What Is Return On Capital Employed (ROCE)?
For those that aren't sure what ROCE is, it measures the amount of pre-tax profits a company can generate from the capital employed in its business. Analysts use this formula to calculate it for ServiceNow:
Return on Capital Employed = Earnings Before Interest and Tax (EBIT) ÷ (Total Assets - Current Liabilities)
0.11 = US$1.3b ÷ (US$18b - US$6.8b) (Based on the trailing twelve months to September 2024).
So, ServiceNow has an ROCE of 11%. In absolute terms, that's a satisfactory return, but compared to the Software industry average of 8.8% it's much better.

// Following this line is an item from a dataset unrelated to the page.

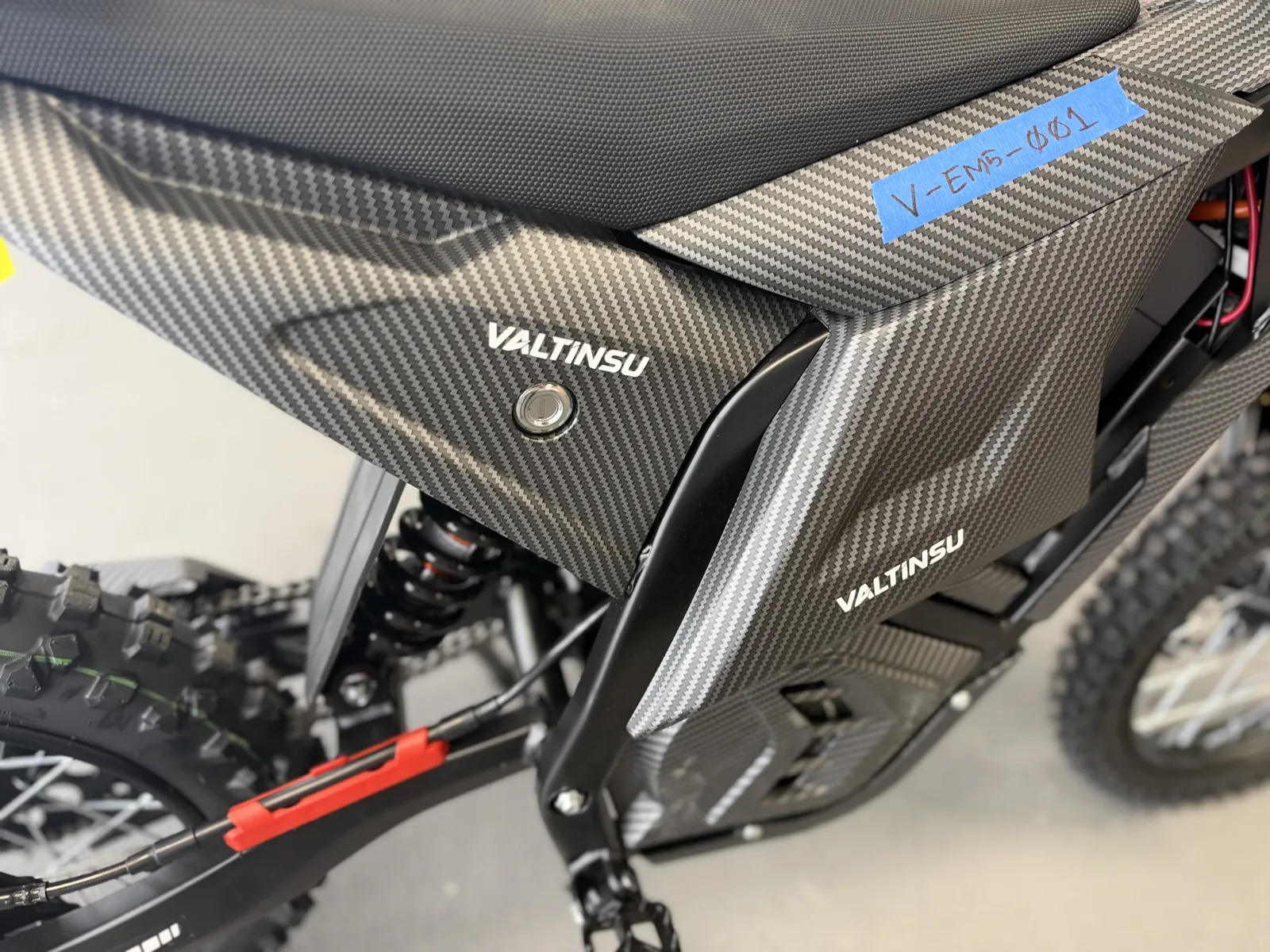 Valtinsu EM-5 electric dirt bike at the VoltRush USA showroom, photo 7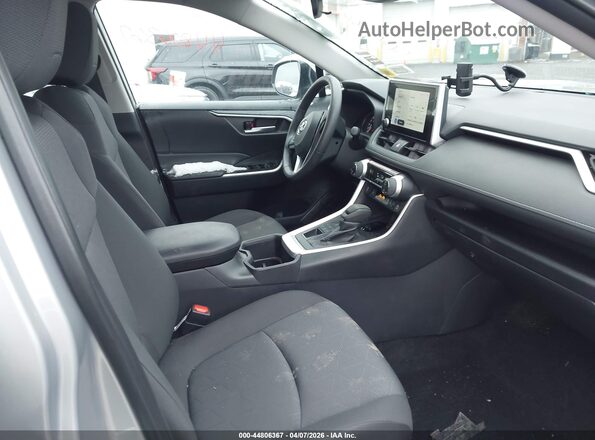 2T3P1RFV2SW506687 2025 TOYOTA LE Silver Widok wnętrza z przodu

Check out our latest analysis for ServiceNow
Above you can see how the current ROCE for ServiceNow compares to its prior returns on capital, but there's only so much you can tell from the past. If you'd like, you can check out the forecasts from the analysts covering ServiceNow for free.
What Can We Tell From ServiceNow's ROCE Trend?
ServiceNow is displaying some positive trends. The numbers show that in the last five years, the returns generated on capital employed have grown considerably to 11%. Basically the business is earning more per dollar of capital invested and in addition to that, 354% more capital is being employed now too. This can indicate that there's plenty of opportunities to invest capital internally and at ever higher rates, a combination that's common among multi-baggers.
The Key Takeaway
All in all, it's terrific to see that ServiceNow is reaping the rewards from prior investments and is growing its capital base. And with the stock having performed exceptionally well over the last five years, these patterns are being accounted for by investors. Therefore, we think it would be worth your time to check if these trends are going to continue.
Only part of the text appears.